--- Input data ---
- - - - - - -

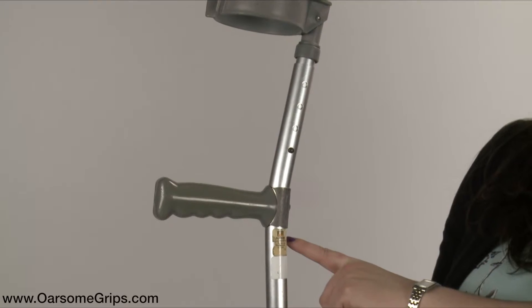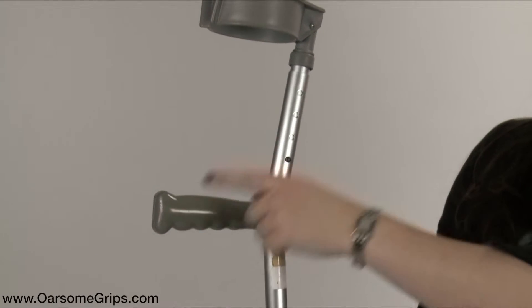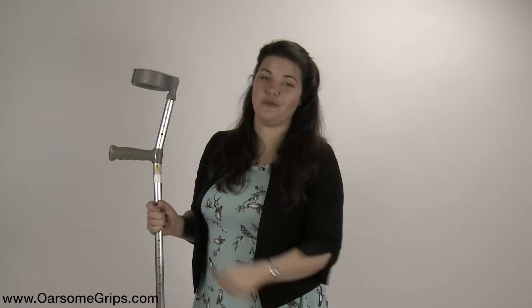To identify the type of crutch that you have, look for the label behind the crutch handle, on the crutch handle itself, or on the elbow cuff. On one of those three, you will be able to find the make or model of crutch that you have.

- - - - - - -

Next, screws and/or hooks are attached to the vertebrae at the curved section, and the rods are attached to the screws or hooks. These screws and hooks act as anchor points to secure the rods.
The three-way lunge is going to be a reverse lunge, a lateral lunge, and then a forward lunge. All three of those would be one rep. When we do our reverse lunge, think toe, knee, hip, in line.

- - - - - - -

--- Task to complete ---
Reproduce, character for character, only the lines of the preceding data that start at the line with "Next, screws and/or" and end at the line with "The three-way lunge", both included.

--- Reply to the exercise ---
Next, screws and/or hooks are attached to the vertebrae at the curved section, and the rods are attached to the screws or hooks. These screws and hooks act as anchor points to secure the rods.
The three-way lunge is going to be a reverse lunge, a lateral lunge, and then a forward lunge. All three of those would be one rep. When we do our reverse lunge, think toe, knee, hip, in line.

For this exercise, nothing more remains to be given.